→ WHAT THE EXERCISE ASKS:
All lines from the one with "Kimberly: 12 weeks" through the final line below are to be reproduced exactly; omit the others.
#### MATERIAL PROVIDED
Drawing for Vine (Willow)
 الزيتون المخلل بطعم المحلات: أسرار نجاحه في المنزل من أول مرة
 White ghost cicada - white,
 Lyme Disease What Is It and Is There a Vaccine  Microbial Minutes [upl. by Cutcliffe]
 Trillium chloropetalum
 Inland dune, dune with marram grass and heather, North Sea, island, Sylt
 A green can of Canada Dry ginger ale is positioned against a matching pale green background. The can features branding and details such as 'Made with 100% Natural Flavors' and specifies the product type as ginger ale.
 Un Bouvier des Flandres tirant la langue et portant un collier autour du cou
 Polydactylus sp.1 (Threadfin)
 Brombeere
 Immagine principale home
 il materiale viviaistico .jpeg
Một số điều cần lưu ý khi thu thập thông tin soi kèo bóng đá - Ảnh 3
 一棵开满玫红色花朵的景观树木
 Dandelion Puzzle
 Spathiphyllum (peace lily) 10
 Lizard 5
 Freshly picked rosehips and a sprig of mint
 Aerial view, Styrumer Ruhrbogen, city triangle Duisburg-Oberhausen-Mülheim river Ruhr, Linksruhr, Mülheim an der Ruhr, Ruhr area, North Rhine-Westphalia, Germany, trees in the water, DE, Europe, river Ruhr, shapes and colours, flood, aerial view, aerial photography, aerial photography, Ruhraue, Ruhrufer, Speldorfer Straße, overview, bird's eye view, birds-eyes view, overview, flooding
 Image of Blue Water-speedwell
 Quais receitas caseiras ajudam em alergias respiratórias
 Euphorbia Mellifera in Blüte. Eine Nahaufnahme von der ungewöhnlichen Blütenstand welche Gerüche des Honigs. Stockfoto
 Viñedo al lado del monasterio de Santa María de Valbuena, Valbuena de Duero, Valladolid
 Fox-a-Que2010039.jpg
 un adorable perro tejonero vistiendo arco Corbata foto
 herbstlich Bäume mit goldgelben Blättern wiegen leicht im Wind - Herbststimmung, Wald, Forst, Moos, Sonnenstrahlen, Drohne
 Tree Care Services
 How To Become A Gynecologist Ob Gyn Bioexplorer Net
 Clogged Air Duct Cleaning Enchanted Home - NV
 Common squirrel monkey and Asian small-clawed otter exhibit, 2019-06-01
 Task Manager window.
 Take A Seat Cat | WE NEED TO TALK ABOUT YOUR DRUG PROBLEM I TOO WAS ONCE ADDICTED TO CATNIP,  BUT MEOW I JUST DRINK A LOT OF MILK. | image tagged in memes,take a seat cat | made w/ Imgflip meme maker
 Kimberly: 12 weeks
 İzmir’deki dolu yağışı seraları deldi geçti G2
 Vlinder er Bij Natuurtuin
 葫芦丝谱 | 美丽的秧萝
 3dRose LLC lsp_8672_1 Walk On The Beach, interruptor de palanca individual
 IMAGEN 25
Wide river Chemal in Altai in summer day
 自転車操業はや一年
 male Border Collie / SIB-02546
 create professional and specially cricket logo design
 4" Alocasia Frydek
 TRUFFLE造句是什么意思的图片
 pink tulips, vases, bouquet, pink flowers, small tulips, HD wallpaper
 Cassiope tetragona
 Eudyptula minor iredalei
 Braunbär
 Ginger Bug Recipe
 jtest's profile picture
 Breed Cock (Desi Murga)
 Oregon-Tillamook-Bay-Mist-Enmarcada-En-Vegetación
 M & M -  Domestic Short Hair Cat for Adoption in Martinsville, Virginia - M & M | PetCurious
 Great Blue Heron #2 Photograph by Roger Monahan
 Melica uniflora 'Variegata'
########
→ TASK ANSWER:
 Kimberly: 12 weeks
 İzmir’deki dolu yağışı seraları deldi geçti G2
 Vlinder er Bij Natuurtuin
 葫芦丝谱 | 美丽的秧萝
 3dRose LLC lsp_8672_1 Walk On The Beach, interruptor de palanca individual
 IMAGEN 25
Wide river Chemal in Altai in summer day
 自転車操業はや一年
 male Border Collie / SIB-02546
 create professional and specially cricket logo design
 4" Alocasia Frydek
 TRUFFLE造句是什么意思的图片
 pink tulips, vases, bouquet, pink flowers, small tulips, HD wallpaper
 Cassiope tetragona
 Eudyptula minor iredalei
 Braunbär
 Ginger Bug Recipe
 jtest's profile picture
 Breed Cock (Desi Murga)
 Oregon-Tillamook-Bay-Mist-Enmarcada-En-Vegetación
 M & M -  Domestic Short Hair Cat for Adoption in Martinsville, Virginia - M & M | PetCurious
 Great Blue Heron #2 Photograph by Roger Monahan
 Melica uniflora 'Variegata'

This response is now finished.